As a woman, did it ever occur to you to attempt to pose naked for Playboy magazine? Well, if you did those days are over as Playboy is changing to a new format. There will be no more nude photos of women in provocative poses. Due to a study decline of readers that currently is at only 800,000 subscribers, Playboy is doing something Hugh Hefner never envisioned; they are putting clothes back on their models!
Word has it Hugh Hefner based his Playboy enterprise on the Gaslight Club in Chicago, where he would often go. My father was a member of this club on Huron that featured dimly lit rooms with scantily clothed cocktail waitresses. My father was also an avid collector of Playboy magazines, where he safely hid, or so he thought, in a cabinet in our garage. A precocious child, I managed to view the magazine when I was twelve. The images were larger than life and something that were meant to be private.
My father certainly never would want his daughter in Playboy rather he focused on me getting good grades, so I could go to college. I couldn’t help thinking at the time why anyone would pose for Playboy magazine thinking that perhaps these girls didn’t have other options. Yet, part of me admired the freedom they had to put it “all out there.”

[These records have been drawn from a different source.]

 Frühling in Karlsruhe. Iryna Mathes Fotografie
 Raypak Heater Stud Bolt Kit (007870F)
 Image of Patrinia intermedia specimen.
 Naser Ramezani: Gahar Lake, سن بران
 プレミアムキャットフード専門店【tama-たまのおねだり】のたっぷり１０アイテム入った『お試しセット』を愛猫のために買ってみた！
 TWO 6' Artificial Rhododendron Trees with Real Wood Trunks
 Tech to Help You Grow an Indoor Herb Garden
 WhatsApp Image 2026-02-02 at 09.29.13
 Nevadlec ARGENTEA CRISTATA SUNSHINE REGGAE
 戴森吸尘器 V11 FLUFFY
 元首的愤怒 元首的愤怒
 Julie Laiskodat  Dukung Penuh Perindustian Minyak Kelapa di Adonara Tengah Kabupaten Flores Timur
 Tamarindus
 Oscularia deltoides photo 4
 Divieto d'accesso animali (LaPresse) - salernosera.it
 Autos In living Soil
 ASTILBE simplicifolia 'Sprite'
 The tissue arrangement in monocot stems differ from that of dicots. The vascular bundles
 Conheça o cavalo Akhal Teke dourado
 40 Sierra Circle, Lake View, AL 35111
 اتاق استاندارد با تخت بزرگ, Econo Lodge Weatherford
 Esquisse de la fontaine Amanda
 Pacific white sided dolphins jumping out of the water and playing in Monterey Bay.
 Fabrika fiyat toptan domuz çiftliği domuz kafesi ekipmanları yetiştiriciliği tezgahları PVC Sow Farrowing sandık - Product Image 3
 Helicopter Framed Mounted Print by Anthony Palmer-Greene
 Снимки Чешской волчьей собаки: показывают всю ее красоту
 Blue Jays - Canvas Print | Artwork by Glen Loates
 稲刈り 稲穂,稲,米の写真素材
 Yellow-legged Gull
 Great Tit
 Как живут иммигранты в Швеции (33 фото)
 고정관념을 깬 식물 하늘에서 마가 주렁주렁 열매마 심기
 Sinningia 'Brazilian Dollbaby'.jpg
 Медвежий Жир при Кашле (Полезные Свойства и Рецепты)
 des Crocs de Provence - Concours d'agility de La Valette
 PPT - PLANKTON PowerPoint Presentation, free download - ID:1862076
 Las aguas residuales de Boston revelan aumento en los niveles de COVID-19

When I was thirteen, the last year before entering high school, my Jr. High listed what each of us may become when we grew up. The year was 1970, a time when women were encouraged to have a career. My caption was “Playboy Bunny.” I was crushed. Having developed early, looking like a woman, instead a teenager with a D cup and long legs, I physically fit the description. Yet, I was devastated that I was looked at in this manner as a straight “A” student and a Montgomery Wards model.
Why would I ever want to pose naked for Playboy, the same magazine my father coveted? Posing for Playboy was something I would never do. This was a time when women were attempting to “break through the glass ceiling” while striving for recognition in the workplace. All I could think of was becoming successful using my brain, not my body. My path to success was to be become a successful woman in a man’s world of business. I sold commercial real estate.
Of course, in later years, Playmates like Pamela Anderson and Jenny McCarthy would prove me wrong. These women used their sex appeal and Playboy as a stepping stone for their brand in a Marilyn Monroe manner. They were accepted as sex goddesses and still successful in business, something that I couldn’t phantom in the 70’s.
Did I make the right choice not to pose for Playboy or Penthouse who later came after me to pose? For me, yes, of course. Others who did it, like former Miss America Vanessa Williams, who posed for Penthouse prior to winning the crown, did just fine even after she gave up her crown. She is a talented actress and singer who went on to be very successful.
Yet, it appears that society now doesn’t care if a woman has her clothes on or not as long as she is “hot” to look at. Taking a cue from Maxim magazine, Playboy has discovered this and is following their lead. And, now I would love to be in the magazine. Of course, now I am too old.